Shropshire Star

Bulldog Boris set loose to bite Jezza

Crumbs. The Tories must be getting desperate. They rolled out Boris.

Published

For much of the campaign Boris Johnson has been the dog that didn't bark.

There will have been one of two reasons for this. The first might be that they have been saving him up, heavy artillery to let loose in the final stages to make a decisive difference in the Tories' favour.

The other possibility to explain his relatively low profile is that he is indeed considered to be heavy artillery, but definitely not to be let loose - being a loose cannon who might say the wrong thing.

As if!

With the terrorist attack in London being used unashamedly by Labour to make political points about police numbers, Boris' brief was obviously to bash Jeremy Corbyn for saying one thing in the wake of the attack while having a history of doing another, that is, consistently voting against anti-terror legislation.

He might also have asked, but didn't, how Mr Corbyn's preferred anti-terror policy of "talking" to people (e.g. the IRA, Hamas, Hezbollah, etc) would have worked when applied to the trio committing Saturday night's massacre.

Meanwhile Diane Abbott pulled out of an interview with the BBC at the last minute, to be replaced by Shadow Foreign Secretary Emily Thornberry.
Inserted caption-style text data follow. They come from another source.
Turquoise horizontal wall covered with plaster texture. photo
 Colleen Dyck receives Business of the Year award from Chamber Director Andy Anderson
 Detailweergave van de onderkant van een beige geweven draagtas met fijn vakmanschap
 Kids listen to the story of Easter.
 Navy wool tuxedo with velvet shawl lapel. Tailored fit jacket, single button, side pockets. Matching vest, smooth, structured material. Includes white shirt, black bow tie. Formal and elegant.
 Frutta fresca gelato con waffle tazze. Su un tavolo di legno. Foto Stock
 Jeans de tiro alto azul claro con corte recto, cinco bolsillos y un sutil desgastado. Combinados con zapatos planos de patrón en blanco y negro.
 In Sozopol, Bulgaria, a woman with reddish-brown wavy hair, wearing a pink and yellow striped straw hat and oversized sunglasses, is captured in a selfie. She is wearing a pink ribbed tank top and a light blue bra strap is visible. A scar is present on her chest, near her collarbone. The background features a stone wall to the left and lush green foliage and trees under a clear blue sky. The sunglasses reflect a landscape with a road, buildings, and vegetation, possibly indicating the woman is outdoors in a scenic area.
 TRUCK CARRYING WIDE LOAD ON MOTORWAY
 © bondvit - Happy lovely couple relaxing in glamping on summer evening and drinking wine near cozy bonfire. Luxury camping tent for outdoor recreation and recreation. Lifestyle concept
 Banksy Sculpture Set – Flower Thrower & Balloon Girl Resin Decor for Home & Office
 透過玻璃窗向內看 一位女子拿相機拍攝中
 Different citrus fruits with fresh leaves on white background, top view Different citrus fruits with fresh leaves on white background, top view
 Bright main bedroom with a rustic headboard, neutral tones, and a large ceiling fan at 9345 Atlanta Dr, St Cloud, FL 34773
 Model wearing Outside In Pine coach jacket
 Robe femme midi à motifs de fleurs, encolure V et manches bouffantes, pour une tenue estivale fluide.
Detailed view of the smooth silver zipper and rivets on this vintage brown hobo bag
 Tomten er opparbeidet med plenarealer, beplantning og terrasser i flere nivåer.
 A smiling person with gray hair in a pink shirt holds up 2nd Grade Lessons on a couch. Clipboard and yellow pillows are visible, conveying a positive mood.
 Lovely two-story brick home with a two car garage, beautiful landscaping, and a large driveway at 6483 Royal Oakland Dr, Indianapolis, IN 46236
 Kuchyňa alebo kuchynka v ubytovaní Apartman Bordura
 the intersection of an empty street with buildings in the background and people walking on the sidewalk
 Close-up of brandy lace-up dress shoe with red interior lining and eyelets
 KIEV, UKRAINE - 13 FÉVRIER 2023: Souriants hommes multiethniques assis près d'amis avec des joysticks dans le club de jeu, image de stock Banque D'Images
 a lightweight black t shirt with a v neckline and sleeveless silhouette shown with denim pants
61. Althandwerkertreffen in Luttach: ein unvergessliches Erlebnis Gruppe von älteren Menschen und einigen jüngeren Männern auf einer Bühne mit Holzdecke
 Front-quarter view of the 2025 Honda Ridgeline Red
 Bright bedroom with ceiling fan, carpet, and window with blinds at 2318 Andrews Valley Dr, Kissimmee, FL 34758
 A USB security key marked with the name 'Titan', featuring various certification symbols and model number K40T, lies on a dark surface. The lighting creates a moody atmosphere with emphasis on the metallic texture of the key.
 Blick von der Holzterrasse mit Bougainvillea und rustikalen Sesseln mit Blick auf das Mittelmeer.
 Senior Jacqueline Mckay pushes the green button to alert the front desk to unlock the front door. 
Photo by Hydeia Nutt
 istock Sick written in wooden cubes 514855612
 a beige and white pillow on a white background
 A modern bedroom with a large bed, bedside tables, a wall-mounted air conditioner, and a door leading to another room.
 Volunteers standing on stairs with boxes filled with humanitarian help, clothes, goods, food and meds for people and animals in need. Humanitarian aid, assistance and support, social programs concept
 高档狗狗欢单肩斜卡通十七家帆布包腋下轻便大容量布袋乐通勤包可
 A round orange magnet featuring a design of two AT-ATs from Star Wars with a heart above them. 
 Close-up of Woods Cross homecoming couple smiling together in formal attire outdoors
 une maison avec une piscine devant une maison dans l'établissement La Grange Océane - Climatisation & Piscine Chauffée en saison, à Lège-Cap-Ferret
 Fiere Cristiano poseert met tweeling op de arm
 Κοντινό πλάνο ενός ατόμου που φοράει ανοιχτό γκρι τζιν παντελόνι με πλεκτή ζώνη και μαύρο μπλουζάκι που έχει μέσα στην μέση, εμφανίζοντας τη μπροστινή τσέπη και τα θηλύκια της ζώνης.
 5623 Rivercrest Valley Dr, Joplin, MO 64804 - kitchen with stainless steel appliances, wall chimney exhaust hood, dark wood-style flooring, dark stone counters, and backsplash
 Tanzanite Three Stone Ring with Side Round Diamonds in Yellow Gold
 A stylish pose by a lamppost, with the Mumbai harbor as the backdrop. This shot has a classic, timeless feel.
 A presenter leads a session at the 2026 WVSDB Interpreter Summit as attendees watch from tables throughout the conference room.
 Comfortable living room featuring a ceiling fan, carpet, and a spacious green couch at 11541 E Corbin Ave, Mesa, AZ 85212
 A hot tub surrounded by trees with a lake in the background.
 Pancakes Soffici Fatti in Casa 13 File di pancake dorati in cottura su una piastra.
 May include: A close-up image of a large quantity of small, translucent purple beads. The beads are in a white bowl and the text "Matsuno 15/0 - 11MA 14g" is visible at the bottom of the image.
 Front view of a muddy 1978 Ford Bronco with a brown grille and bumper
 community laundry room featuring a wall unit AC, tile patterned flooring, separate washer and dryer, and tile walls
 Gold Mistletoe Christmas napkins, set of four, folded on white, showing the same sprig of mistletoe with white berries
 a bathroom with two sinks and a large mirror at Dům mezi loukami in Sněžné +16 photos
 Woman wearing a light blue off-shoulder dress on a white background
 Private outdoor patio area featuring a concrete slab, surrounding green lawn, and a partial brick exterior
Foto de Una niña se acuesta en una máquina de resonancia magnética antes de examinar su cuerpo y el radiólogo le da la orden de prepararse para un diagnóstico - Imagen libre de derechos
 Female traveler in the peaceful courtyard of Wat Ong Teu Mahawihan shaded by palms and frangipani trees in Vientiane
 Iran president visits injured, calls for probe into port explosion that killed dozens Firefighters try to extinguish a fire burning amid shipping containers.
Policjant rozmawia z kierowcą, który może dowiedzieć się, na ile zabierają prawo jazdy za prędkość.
This is a political stand-in manoeuvre which will in future be called "doing a Theresa May."

The reason given was that Diane was unwell. There are unkind folk who wonder whether she was unwell, or in fact "unwell", in the light of rumours that Labour's top brass are trying to keep her out of the limelight. You don't need a long memory to recall that she missed the Article 50 vote because of a last-minute migraine (or "migraine.")

However, when I saw her on Sky in a rare interview she struck me as a lady under pressure, so if she is genuinely unwell, let me be the first to apologise for myself.

Ukip's Paul Nuttall is a man who a lot of his critics think is not quite right, rather than being actually unwell, and gave a speech saying he would consider introducing internment of suspects.

This would involve locking people up for what they might do, rather than for what they have done.

Mrs May was busy playing the well-thumbed Brexit card, which she thinks is an ace. Nick Clegg, the Lib Dems' Brexit spokesman - a fib if ever there was one as the Lib Dems do not believe in Brexit - took a pop about the disastrous consequences for us all.

"Last week it was reported that the average price of a bottle of wine has hit its highest price ever," he warned gloomily.

To which, in the spirit of Marie Antoinette, the appropriate retort might be: "Then why don't they drink British beer?"